Part 1 and Part 2 of this blog series evaluated the importance of tying business goals to technology outcomes, specifically in relation to business intelligence and analytics use. These blogs also discussed technology use and industry and competitive factors to evaluate what is needed for operational intelligence use and why business outcomes are tied in to overall success.

Part 3 looks at practical ways to shift towards operational intelligence and take advantage of frameworks and technologies that support the organization’s BI maturity needs. These include:

1. Actionable Insights

Saying that BI and Analytics need to be tied to actionable outcomes is easier said than done. Many organizations focus on creating BI applications that replace legacy reporting solutions but do not take into account different ways of evaluating data needs. It is important to provide accurate reporting and analytics. At the same time, operationalizing analytics access requires a new way of thinking as information is delivered differently and operational insights needs real-time mindset to decision making.

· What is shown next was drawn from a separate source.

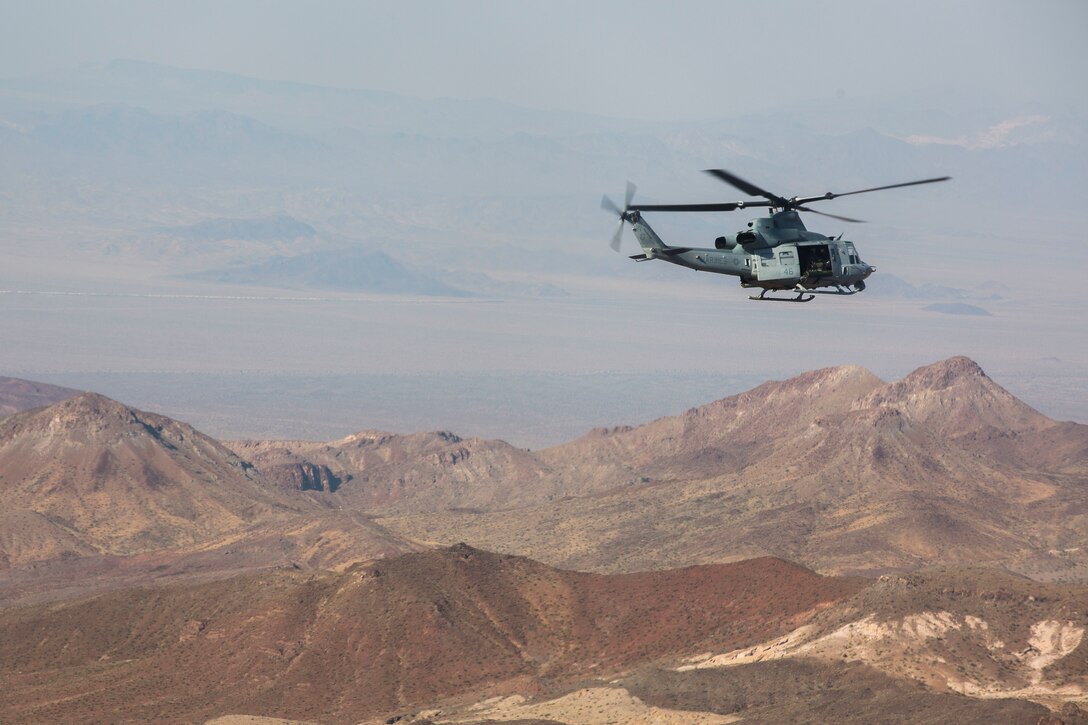 U.S. Marine Corps Col. Thomas E. Prentice, commanding officer, 23rd Marine Regiment, 4th Marine Division, Marine Forces Reserve, conduct reconnaissance of the training area at Marine Air Ground Combat Center Twentynine Palms, California during Integrated Training Exercise 4-17 on a UH-1Y Huey belonging to Marine Light Attack Helicopter Squadron 773, Marine Aircraft Group 49, 4th Marine Aircraft Wing, MARFORRES, June 20, 2017. The scouting mission was in preparation of the 25th Marine Regiment final battalion exercise during ITX 4-17. (U.S. Marine Corps photo by Imari J. Dubose)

Doing so effectively requires the ability to leverage operational intelligence – from an architectural standpoint to make sure that the database technology available supports real-time data access. Beyond capabilities, developing actionable insights involves a shift in mindset. Organizations should evaluate what their top business challenges are and the information they need to gain insight into the causes and effects of those challenges. This may be an iterative approach but organizations can start by identifying the insights they are getting from operational insights that were not available to them before hand and develop an understanding of the implications of having access to this new level of insight.

2. Automation and Digitization

Part of operational intelligence involves the ability to automate processes and create a holistic view of the organization through better visibility into data. From a business perspective, companies should evaluate the benefits of automation and digitization beyond time savings alone and create accost benefit analysis to understand how better and automated access to data supports operations and information insight. Doing so may require a lot of work, but ends up being worth the payoff as it supports better overall insights and also ties into data governance, reliability, value, and broader master data management. The reality is that leveraging operational analytics to support better proactive insights requires looking at data with fresh eyes and taking a holistic approach to data management and analytics access. By automating processes and digitizing access to data assets, organizations can support direct correlation between data access and business value.

3. Data Governance and the Rest

Data governance and broader data management should not be left out when looking at operational intelligence. Without strong data assets and the ability to trust data, it becomes a challenge to validate information outcomes on many different levels. Although data governance, security, and privacy are all areas that organizations struggle with, many still see these initiatives as separate from analytics. Unfortunately, these companies will only get so far with their BI initiatives due to a lack of understanding of the importance of data governance and how it supports business outcomes. If an organization does not have an understanding of what their data means and how it is managed, it becomes difficult to tie any analytics outputs to business outcomes.

In conclusion, operational intelligence is complex and requires a shift in technology adoption and the way people think about analytics in general. As we move forward, simply developing a set of metrics without tying them to proactive business insights, will lead to a lack of value coming from analytics deployments. To get the most out of BI and analytics, organizations need to tie the business outcomes they desire to operational intelligence and the development of broader business goals.